● **What this task involves**: Without changing a character, return the entries, but not the images they hold.

● **Supplied data**:
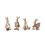 Thumbnail: Set of 4 Resin Rabbit Family
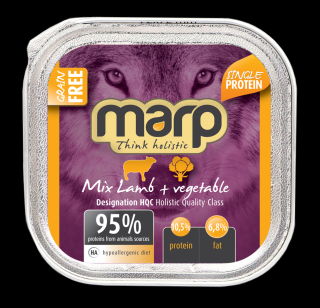 Marp Mix vanička pro psy jehně + zelenina 100 g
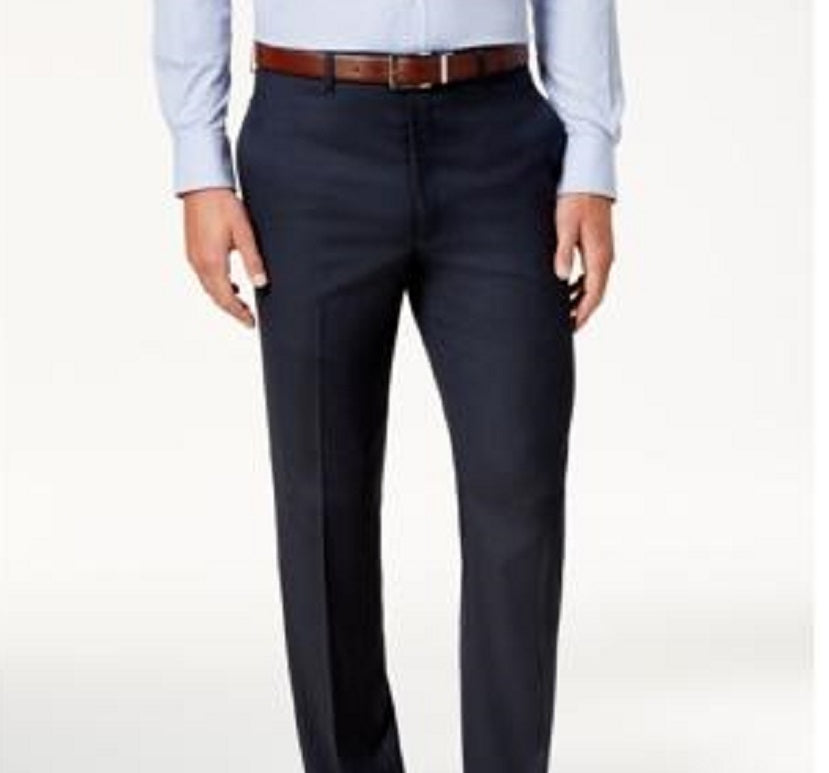 Ralph Lauren Men's Covert Twill Ultraflex Dress Pants Blue Size 40X32
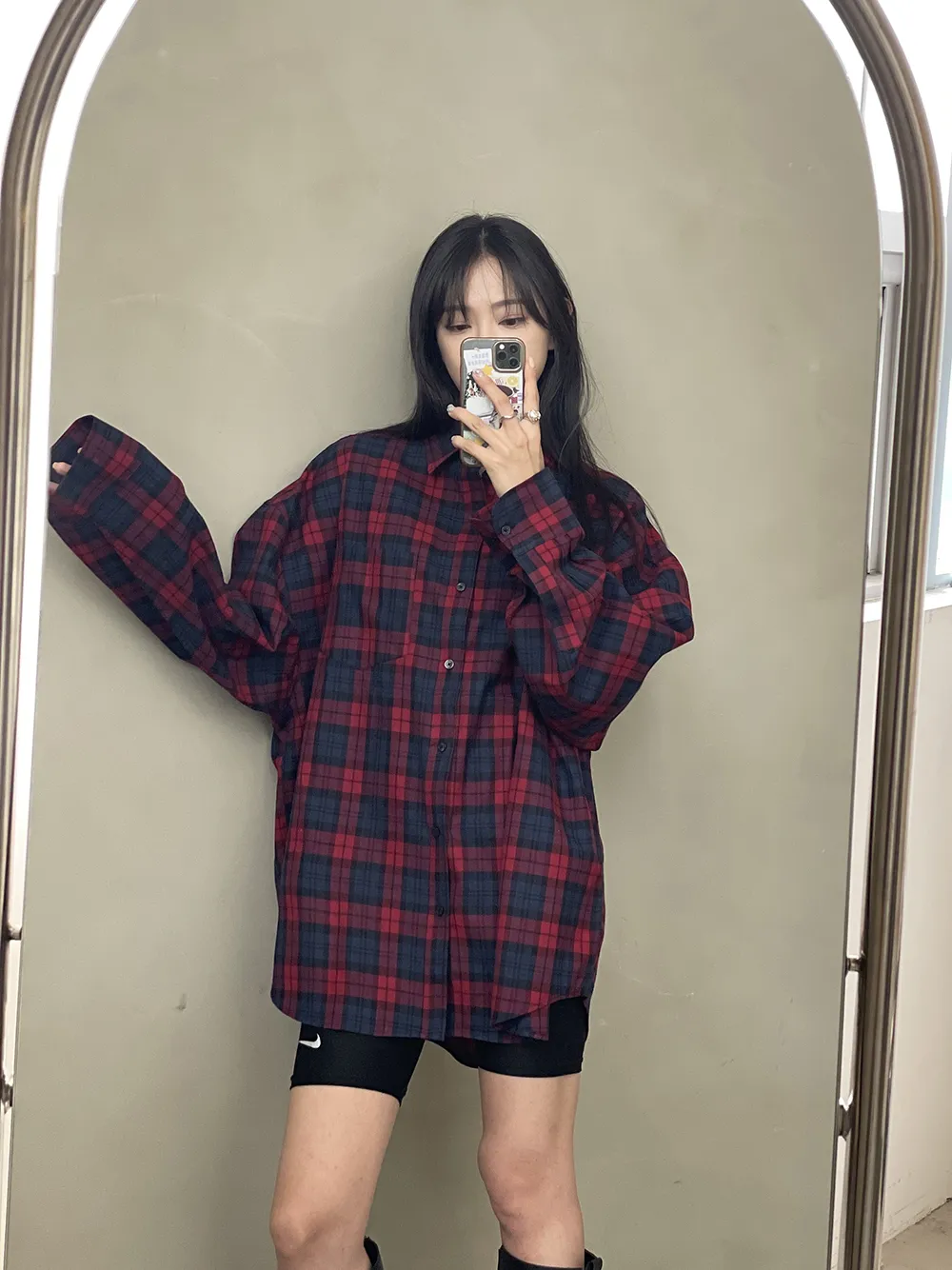 ASCLO  |Glen Patterns Other Plaid Patterns Unisex Street Style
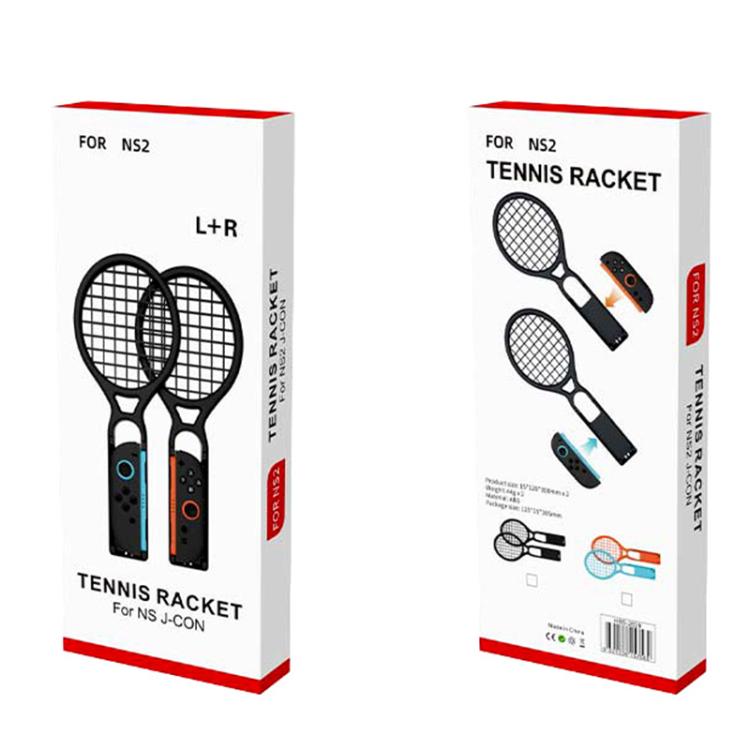 For Nintendo Switch 2 Joy-Con 1pair iPlay HBS-2839 Left and Right Handle Tennis Rackets(Black) - Gamepads by iplay | Online Shopping UK | buy2fix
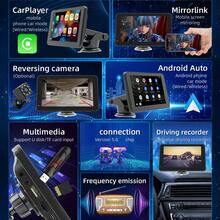 BQCC 7英寸无线CarPlay安卓车载触控高清屏车载播放器，安装简便，支持TF卡/USB/蓝牙播放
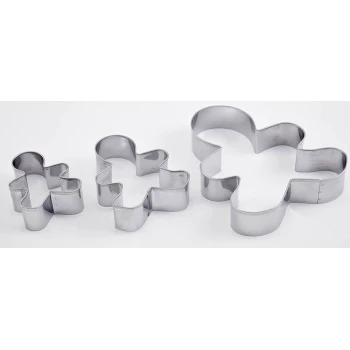 Dr.Oetker Gingerbread Man Cutter, 3Pcs, Stainless Steel - Dr.Oetker - Image 4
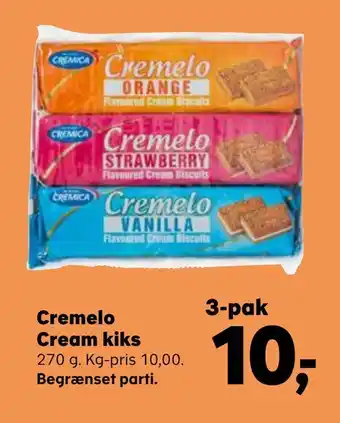 Kvickly Cremelo cream kiks tilbud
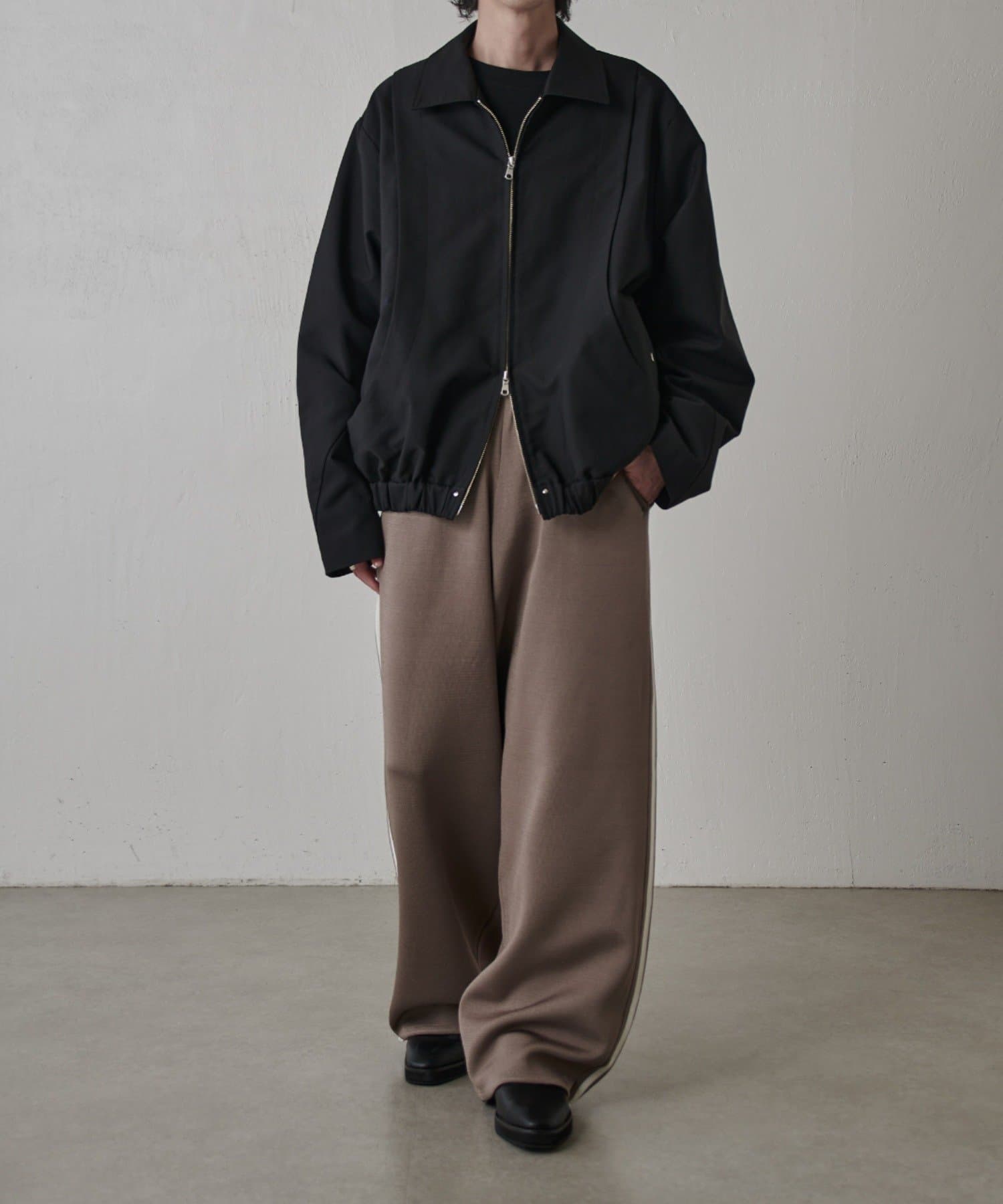 Lui's(ルイス) VISミラノリブ ワイドトラックパンツ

● **Answer to this problem**:
 Thumbnail: Set of 4 Resin Rabbit Family
 Marp Mix vanička pro psy jehně + zelenina 100 g
 Ralph Lauren Men's Covert Twill Ultraflex Dress Pants Blue Size 40X32
 ASCLO  |Glen Patterns Other Plaid Patterns Unisex Street Style
 For Nintendo Switch 2 Joy-Con 1pair iPlay HBS-2839 Left and Right Handle Tennis Rackets(Black) - Gamepads by iplay | Online Shopping UK | buy2fix
 BQCC 7英寸无线CarPlay安卓车载触控高清屏车载播放器，安装简便，支持TF卡/USB/蓝牙播放
 Dr.Oetker Gingerbread Man Cutter, 3Pcs, Stainless Steel - Dr.Oetker - Image 4
 Kvickly Cremelo cream kiks tilbud
 Lui's(ルイス) VISミラノリブ ワイドトラックパンツ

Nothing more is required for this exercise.